All of them were very, very nervous. Jackie scratched Matt behind the ear, and he licked her hand.

"I unlocked it," Clive said with a slight sigh of relief. "Now... wait. Huh?"

"What?" Lucas asked. "What?"

"I just lost the signal," Clive said, quickly scrolling up the window that was giving the status on what was going on. He opened the secondary program that was doing the actual communication to the nanoparticles.

"Dang it!" Clive said. "The program is still broadcasting fine? Why did we lose connection then?"

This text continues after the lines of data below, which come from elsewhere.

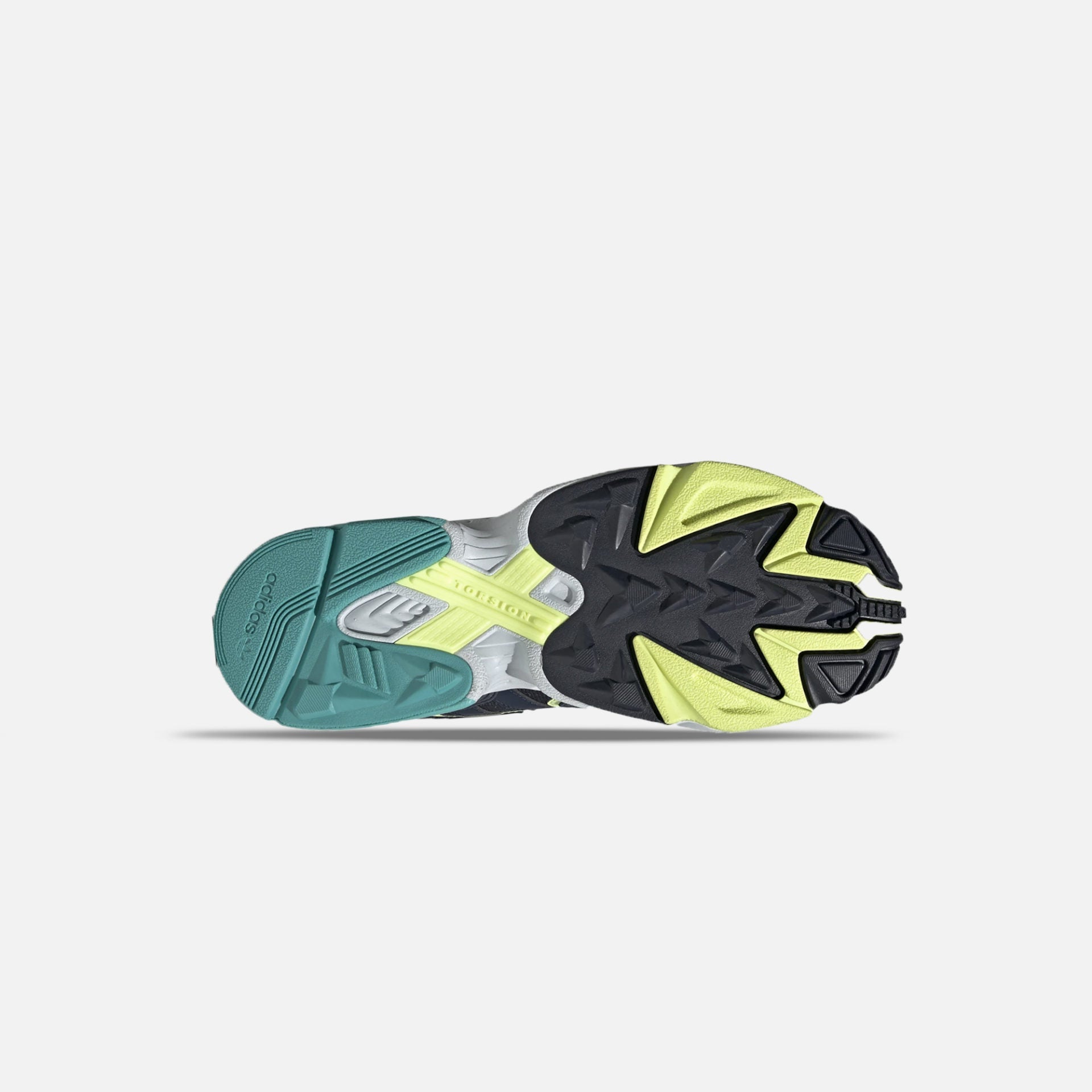 Adidas | Yung-96 - view 3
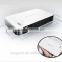 smart dlp 3d wifi home theater mini portable mobile phone bluetooth projector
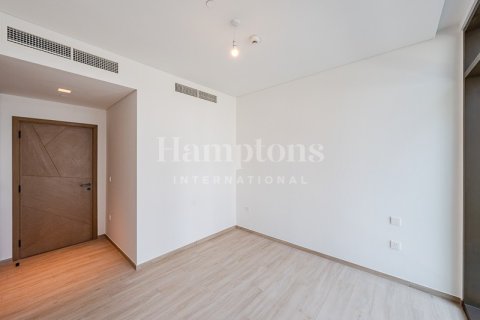 Appartement à Dubai Creek Harbour (The Lagoons), Dubai, 1 chambre, 66.05403300 m², № 118568 - photo 9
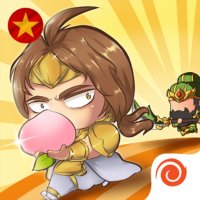3Q Nghịch Chuyển Thời Không
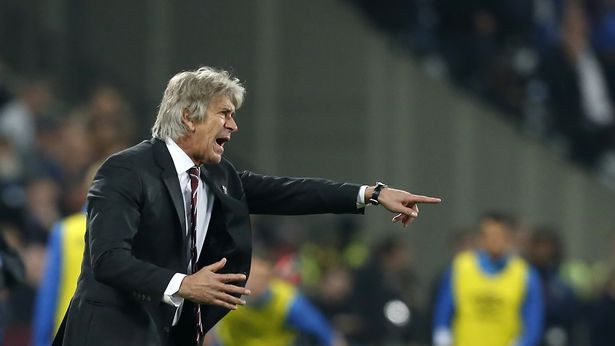 Pellegrini: Ovo je nešto najlošije ove godine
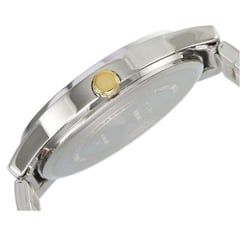 Жіночий годинник Casio STANDARD Analogue LTP-1303SG-7AVDF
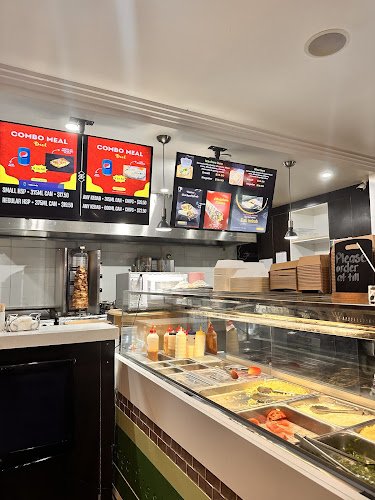 Opinii despre Anatolia Kebabs în Wagga Wagga - Hospitality and gastronomy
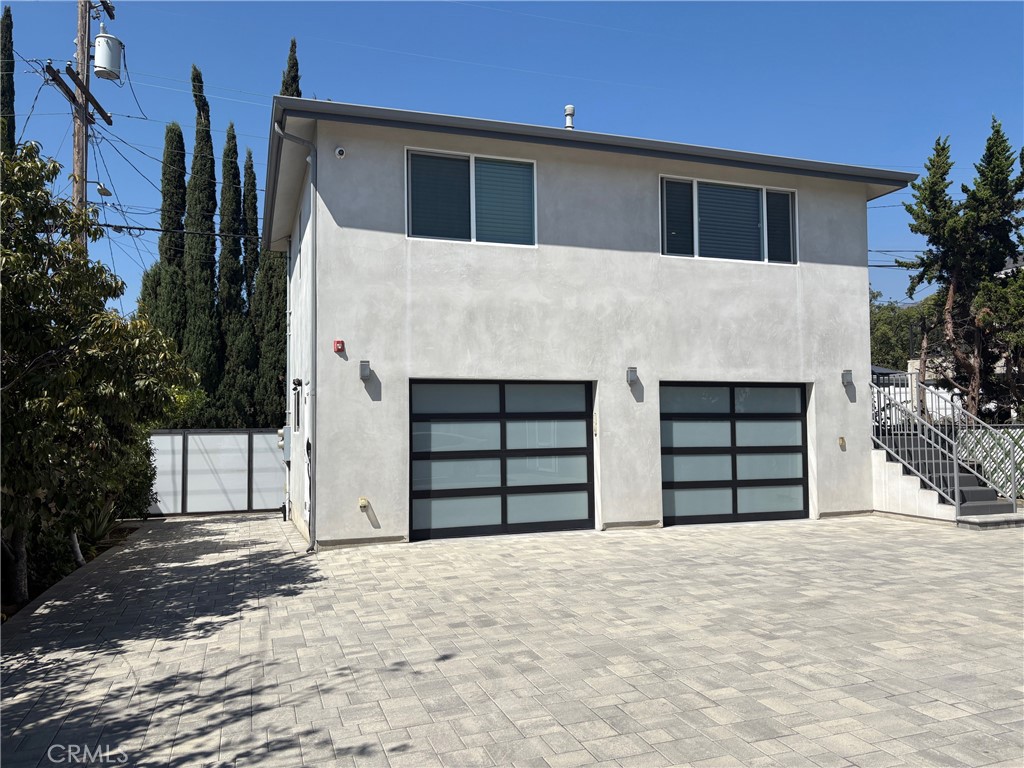 $2,800/mes 1221 Irving Glendale CA, 9120164076274654595122
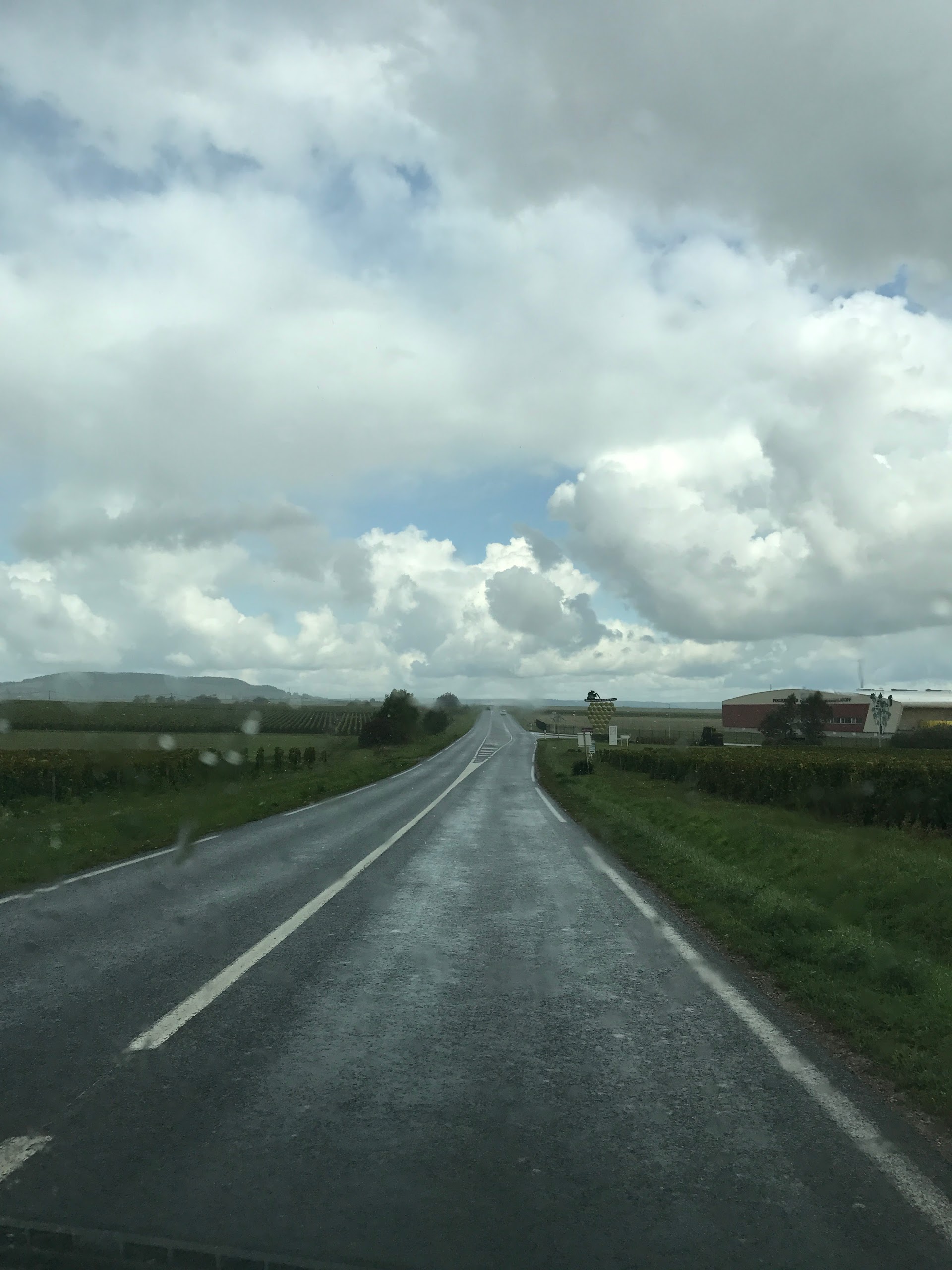 Photo n° 3 de l'avis de Jan.u fait le 23/09/2017 à 10:35
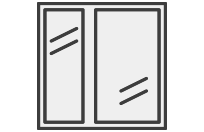 Fixed Window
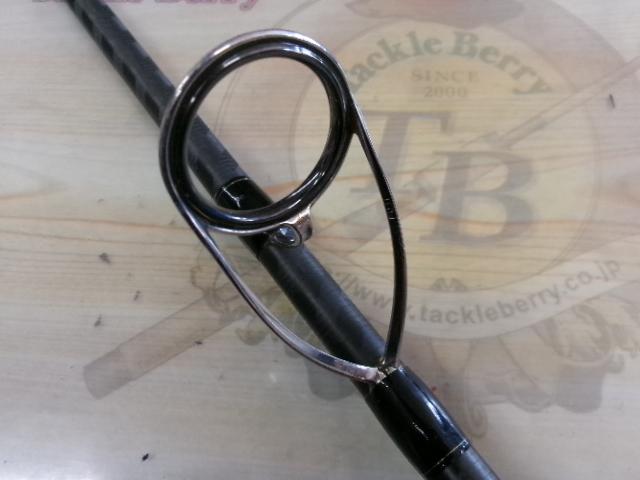 18ディアルーナ S106MH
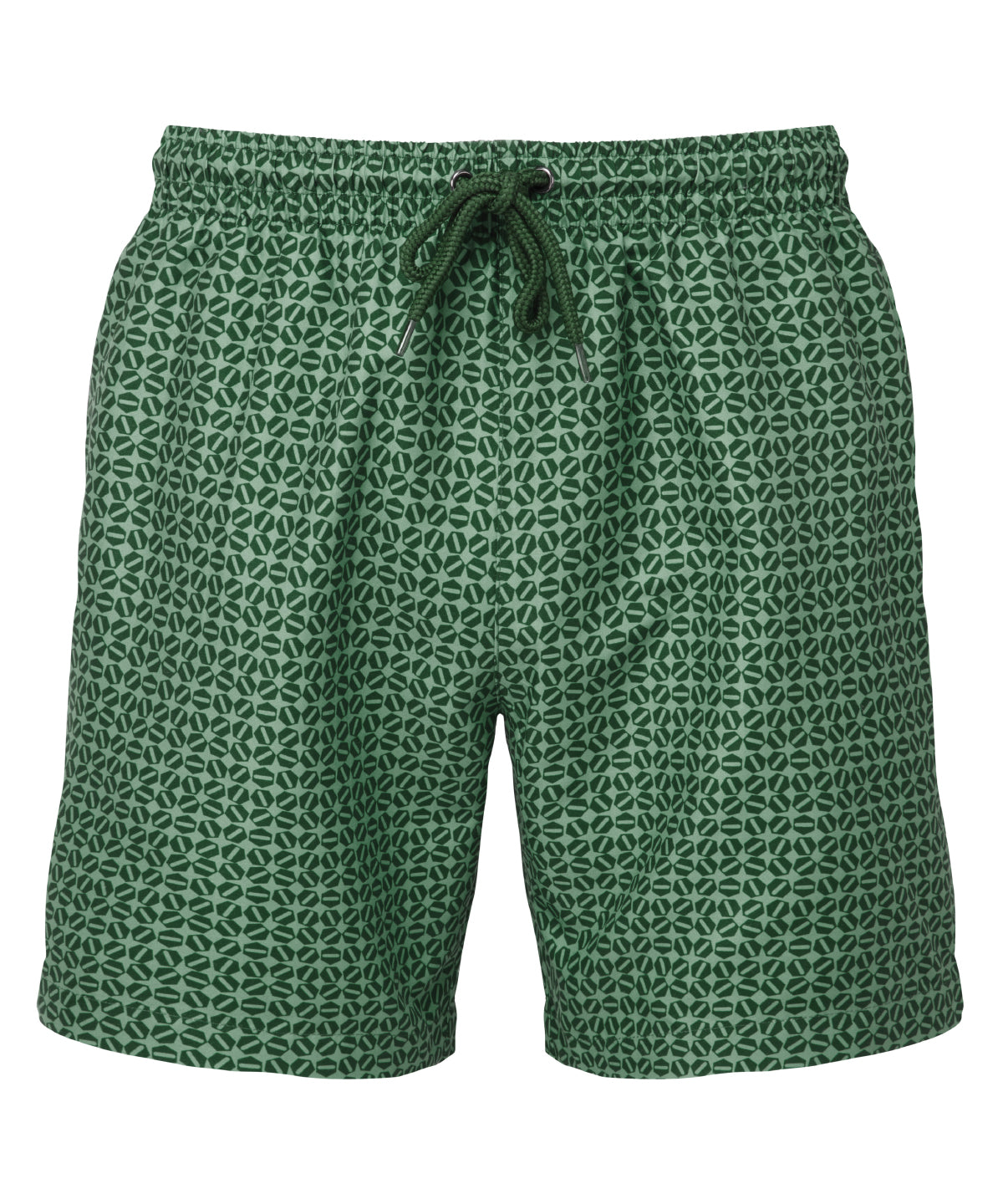 Wombat Men's Swim Shorts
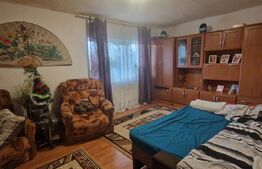 Apartament de vânzare 2 camere Floreşti - 183777AV | BLITZ Cluj-Napoca | Poza5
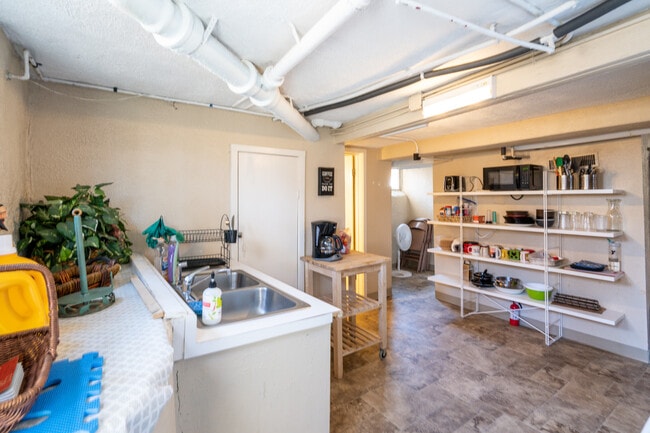 Photo - 621 Cooper Ave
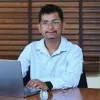 Harish Gadagin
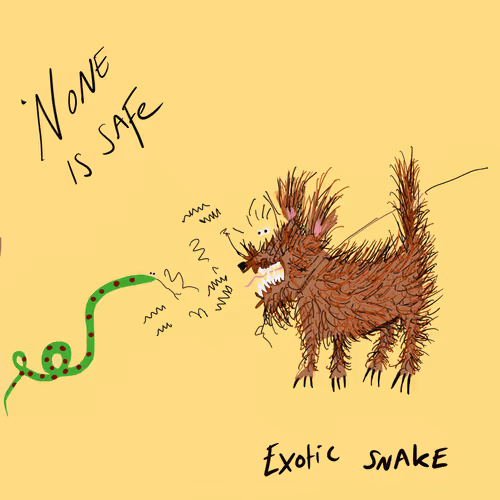 8190719571610145789568542506567364700647027859008357845740195008028444983297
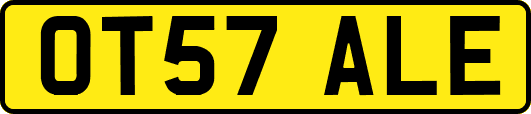 OT57ALE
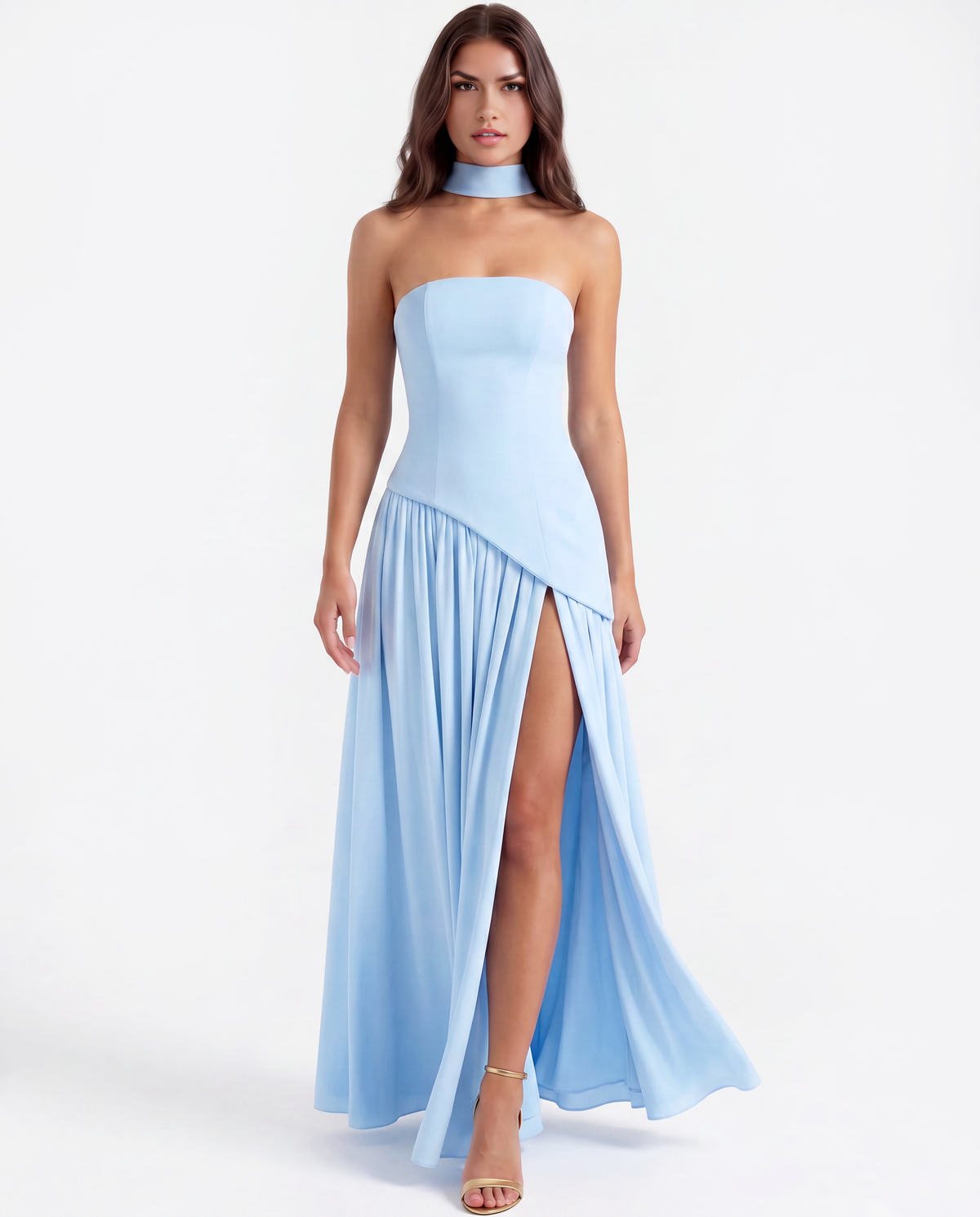 Vestido Andrea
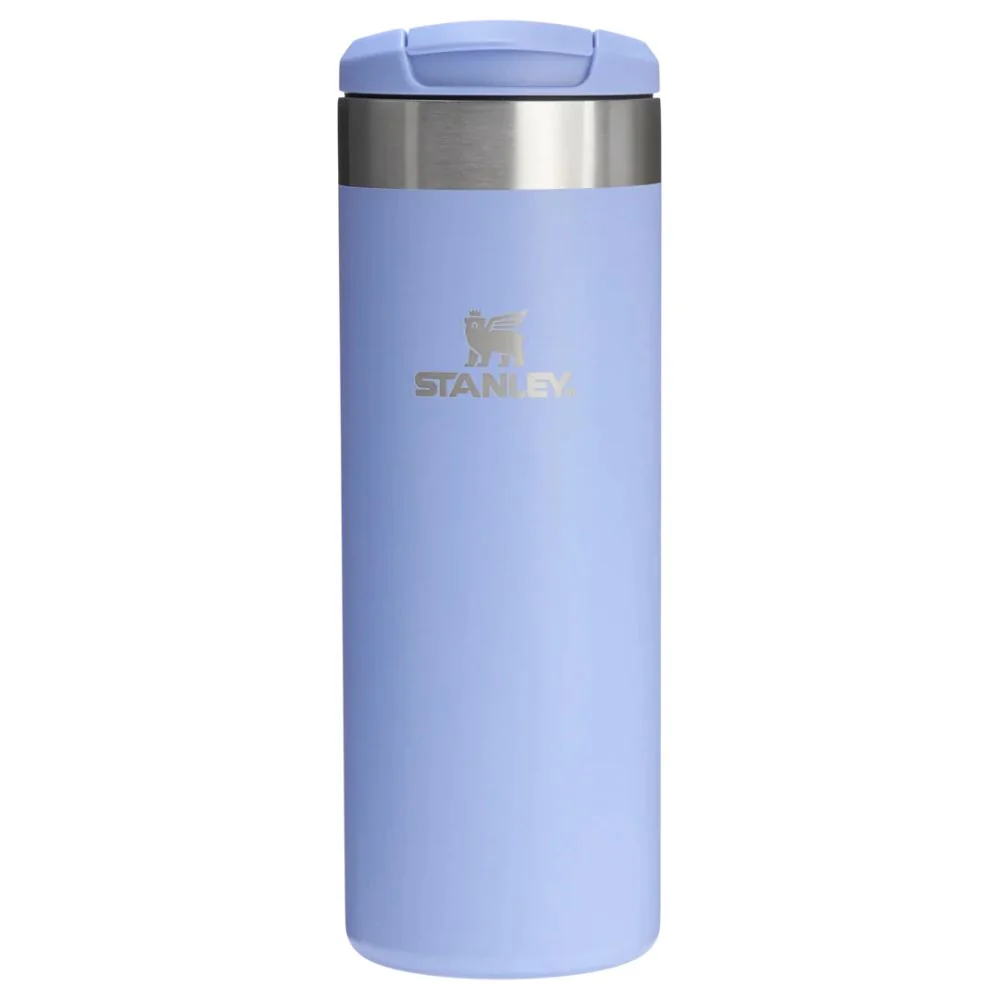 Stanley | The Aerolight Transit Mug | 0.47ml - Image 9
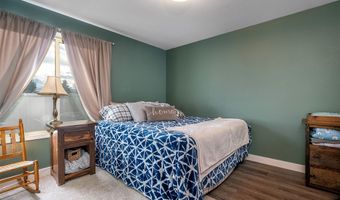 112 O'Brien Ter A, Bigfork, MT 59911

Jackie looked to Matt and Ashley. They barely seemed to respond. They didn't seem to be thinking... but they didn't seem to be in pain either. If anything, they seemed confused about what was going on.

Despite so much progress in one day, Clive worked at it for a half an hour, then another half hour... but it just wasn't working.

"Jackie," Lucas said, "I think you better be getting home now."

"But what if -"

"Matt and Ashley are going to be fine until tomorrow," he said. "But you need to go home. If we make a breakthrough... well, it'll be a surprise."

Jackie reluctantly left. She felt in a twist of emotions, like someone showing you a really heartwarming video on their tablet, but you're distracted by the discovery that they use the light mode version of the app. Maybe something would happen. Maybe they would have to go back to the drawing board. Different opinions on how to feel fought in gladiatorial combat in her head. "Don't get your hopes up" on one side, and "have the courage to be a bit hopeful on the other."

As her car drove her home, she chose to just continue feeling the way she had thus far, and pretended that none of their leads today had been discovered. She suppressed the feeling that Lucas was just trying to get her to leave in case something went wrong... but she knew him better than that. If he was afraid of her being unable to handle stressful situations, they wouldn't have let her come to join the rescue, or watch them attempt to control the nanoparticles.

But still, as Jackie finally got to bed late that night, she was wracked with anxiety. Questions that had plagued her a thousand times resurfaced. Finally, her sheer exhaustion brought her to sleep.